In the entries that follow, find the line containing "us a call on"; from there, copy every line exactly through the line containing "Used 40-plus hours".

__Material for this exercise__:

* * *

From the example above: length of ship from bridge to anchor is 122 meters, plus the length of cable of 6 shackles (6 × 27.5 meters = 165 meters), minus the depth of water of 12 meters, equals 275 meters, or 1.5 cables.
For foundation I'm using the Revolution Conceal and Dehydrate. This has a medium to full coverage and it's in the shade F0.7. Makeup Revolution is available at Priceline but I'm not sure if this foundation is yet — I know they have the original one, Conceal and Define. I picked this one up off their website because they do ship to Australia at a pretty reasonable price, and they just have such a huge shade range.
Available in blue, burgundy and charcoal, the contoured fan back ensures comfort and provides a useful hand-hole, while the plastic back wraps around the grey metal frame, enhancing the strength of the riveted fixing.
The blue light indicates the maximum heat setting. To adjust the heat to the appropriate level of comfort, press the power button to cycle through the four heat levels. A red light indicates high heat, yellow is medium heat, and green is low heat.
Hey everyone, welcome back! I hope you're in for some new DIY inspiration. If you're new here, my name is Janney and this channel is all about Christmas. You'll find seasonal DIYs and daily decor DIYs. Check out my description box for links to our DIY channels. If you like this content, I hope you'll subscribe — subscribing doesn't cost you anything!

* * *

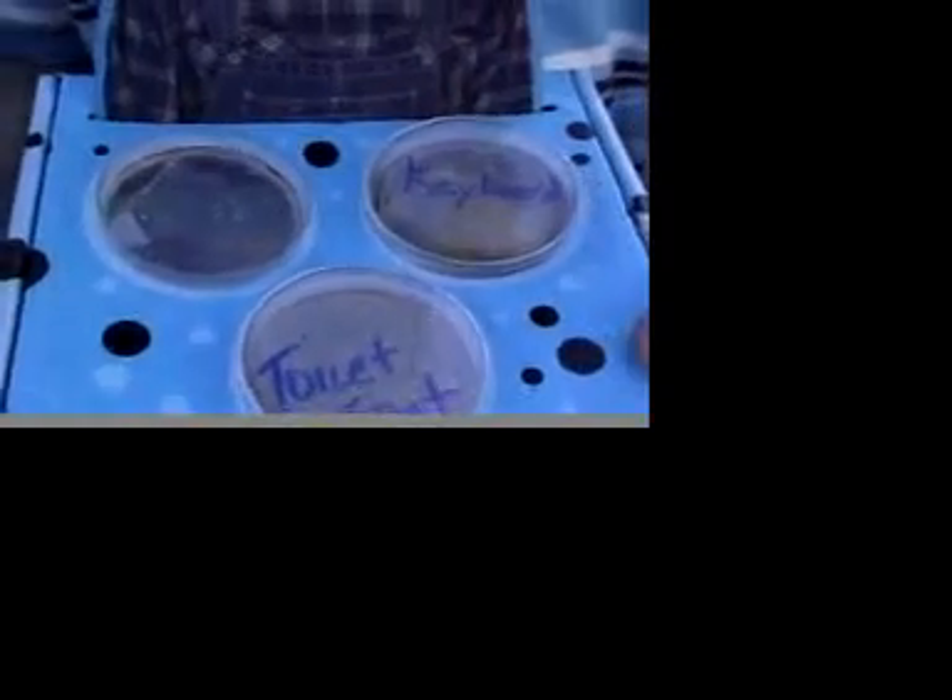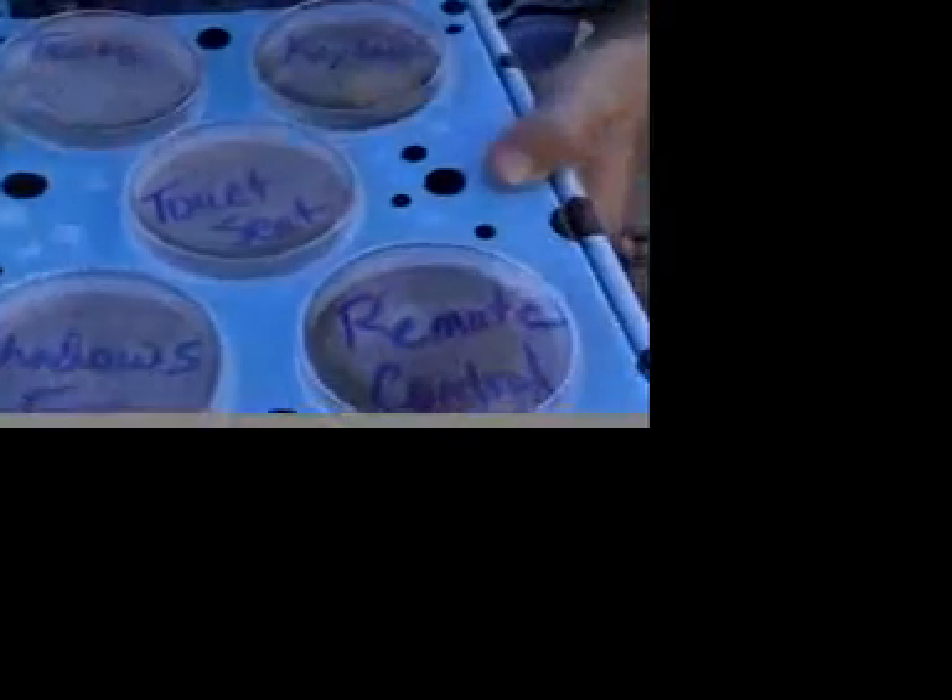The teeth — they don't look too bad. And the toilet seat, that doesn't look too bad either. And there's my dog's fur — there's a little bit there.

* * *

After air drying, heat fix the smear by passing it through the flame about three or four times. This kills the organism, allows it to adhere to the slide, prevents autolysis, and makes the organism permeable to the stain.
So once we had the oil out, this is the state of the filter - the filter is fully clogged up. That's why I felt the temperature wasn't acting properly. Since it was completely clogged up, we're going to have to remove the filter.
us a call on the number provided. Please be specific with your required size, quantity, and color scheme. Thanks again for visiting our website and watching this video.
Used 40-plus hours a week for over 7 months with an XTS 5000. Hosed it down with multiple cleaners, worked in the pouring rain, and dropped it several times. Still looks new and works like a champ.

* * *

__Problem solution__:
us a call on the number provided. Please be specific with your required size, quantity, and color scheme. Thanks again for visiting our website and watching this video.
Used 40-plus hours a week for over 7 months with an XTS 5000. Hosed it down with multiple cleaners, worked in the pouring rain, and dropped it several times. Still looks new and works like a champ.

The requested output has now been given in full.